Records supplied >>
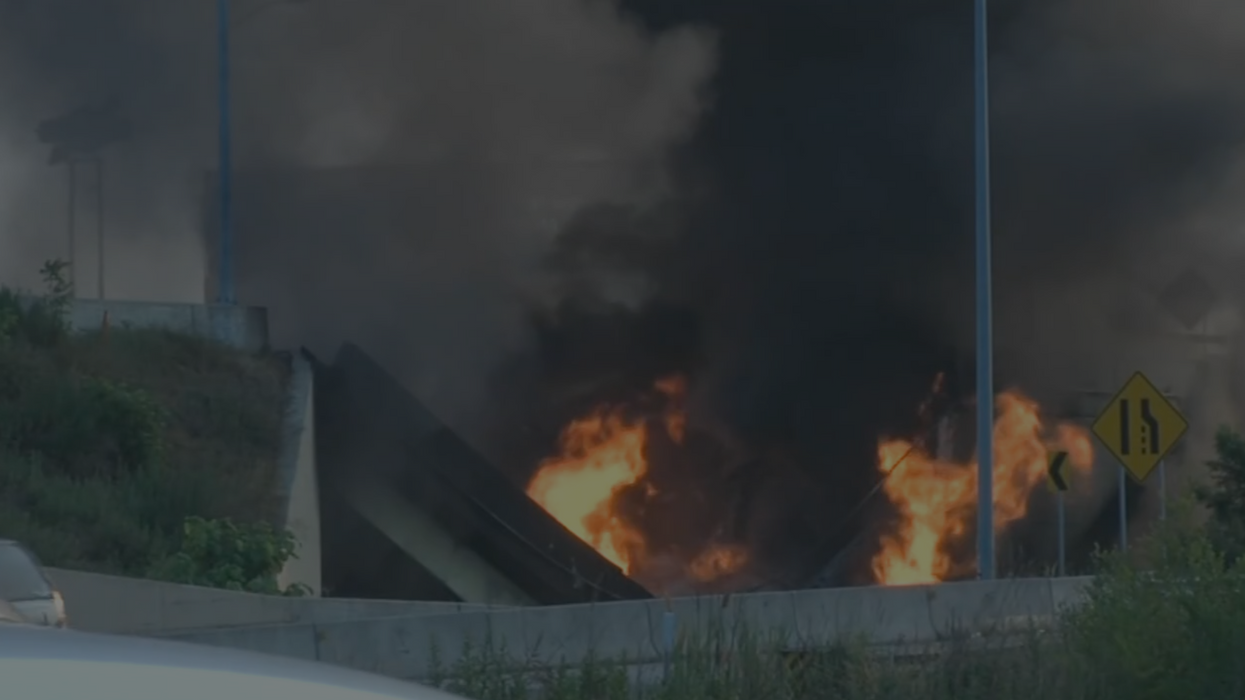 Breaking: Portion of Interstate 95 in Philadelphia collapses as tanker burns beneath overpass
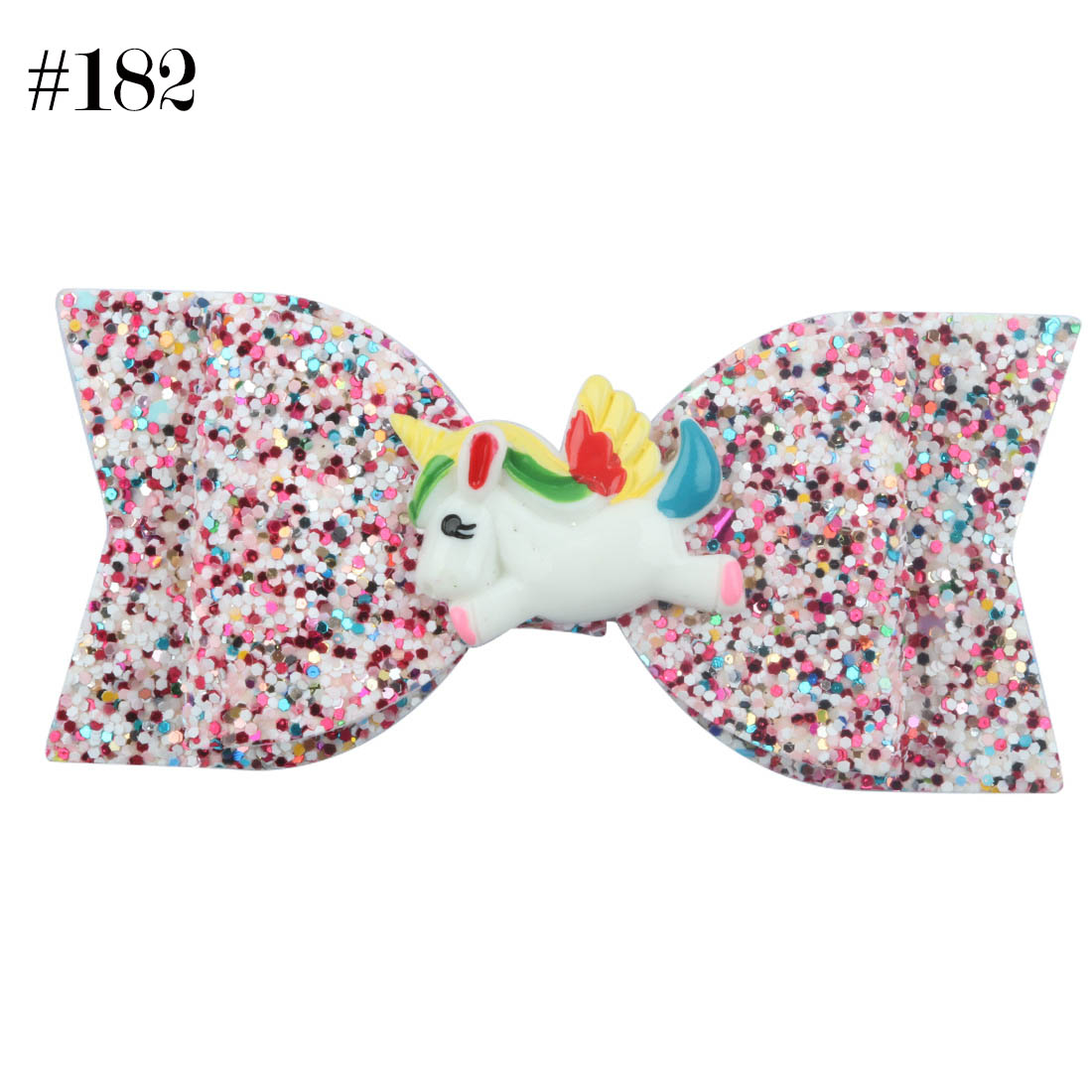 girls party glitter unicorn hair bows cartoon hair clip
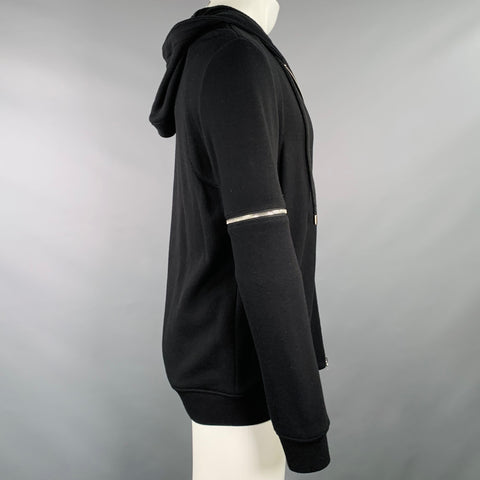 MIGUEL ANTOINNE Sweat-shirt à capuche en coton noir taille M
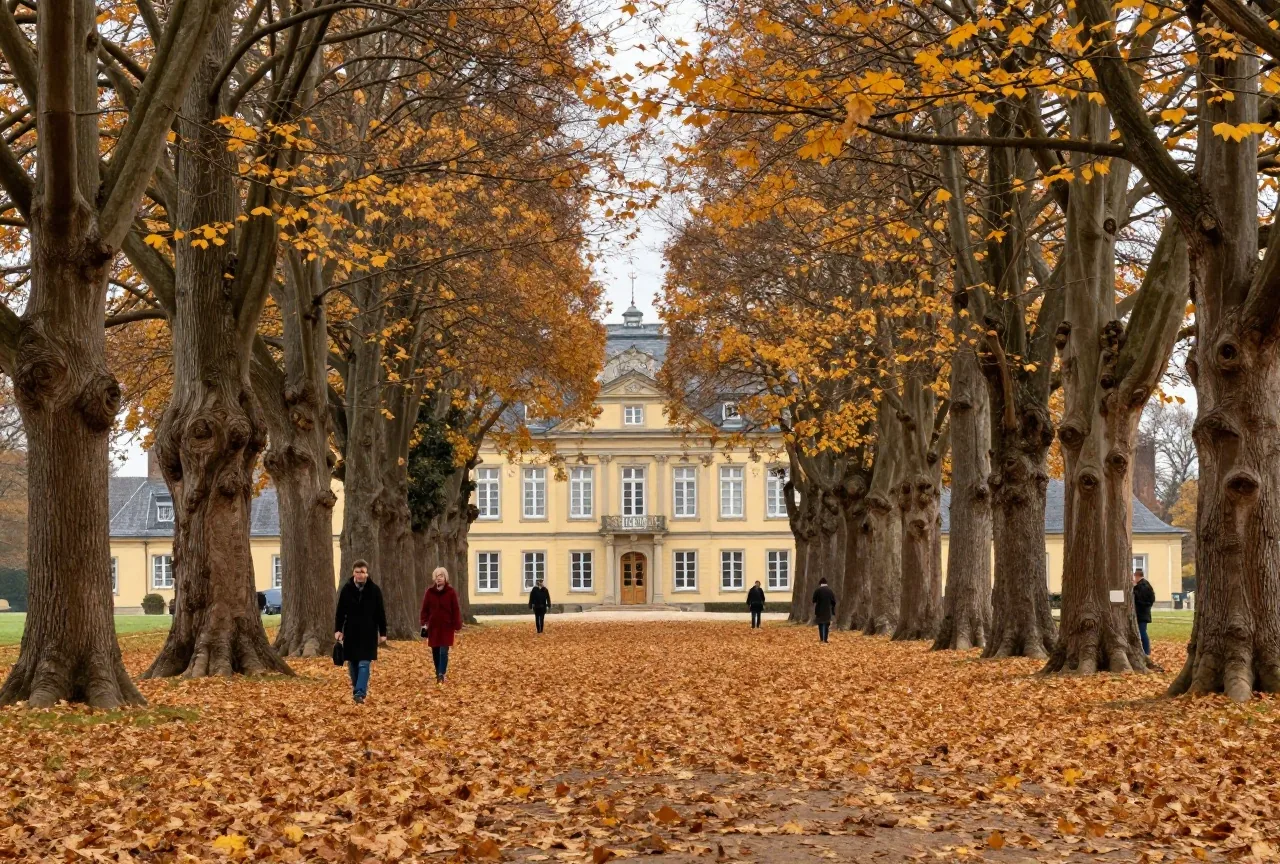 Ein großes Gutshaus am Ende einer Lindenallee in Brandenburg im Herbst, goldenes Laub am Boden
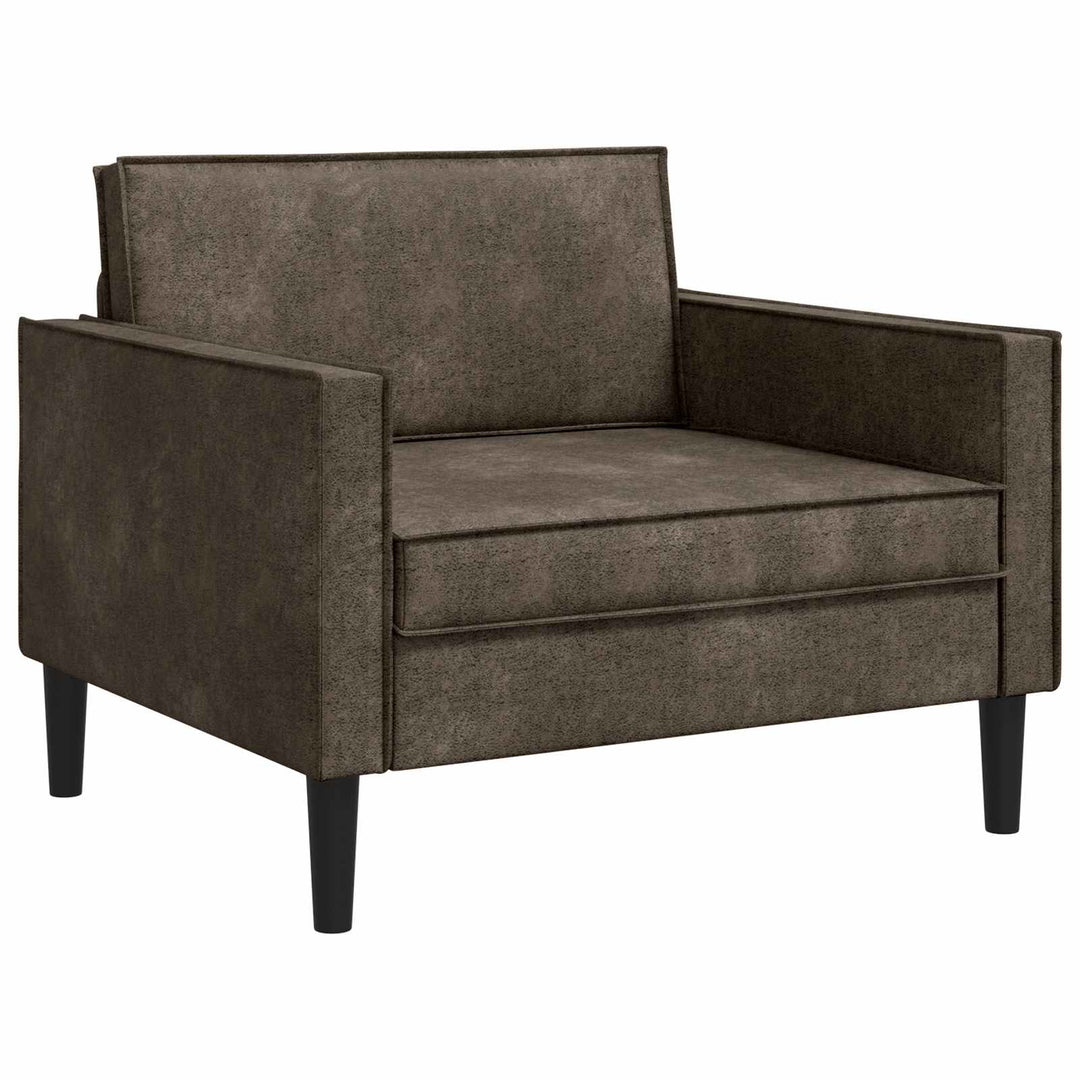 XL-lænestol Mørkegrå Faux Suede Læder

What the exercise asks >> Only the lines from the one containing "Ein großes Gutshaus" through the end of the data above are to be output, exactly and without pictures.

Result for this task >>
 Ein großes Gutshaus am Ende einer Lindenallee in Brandenburg im Herbst, goldenes Laub am Boden
 XL-lænestol Mørkegrå Faux Suede Læder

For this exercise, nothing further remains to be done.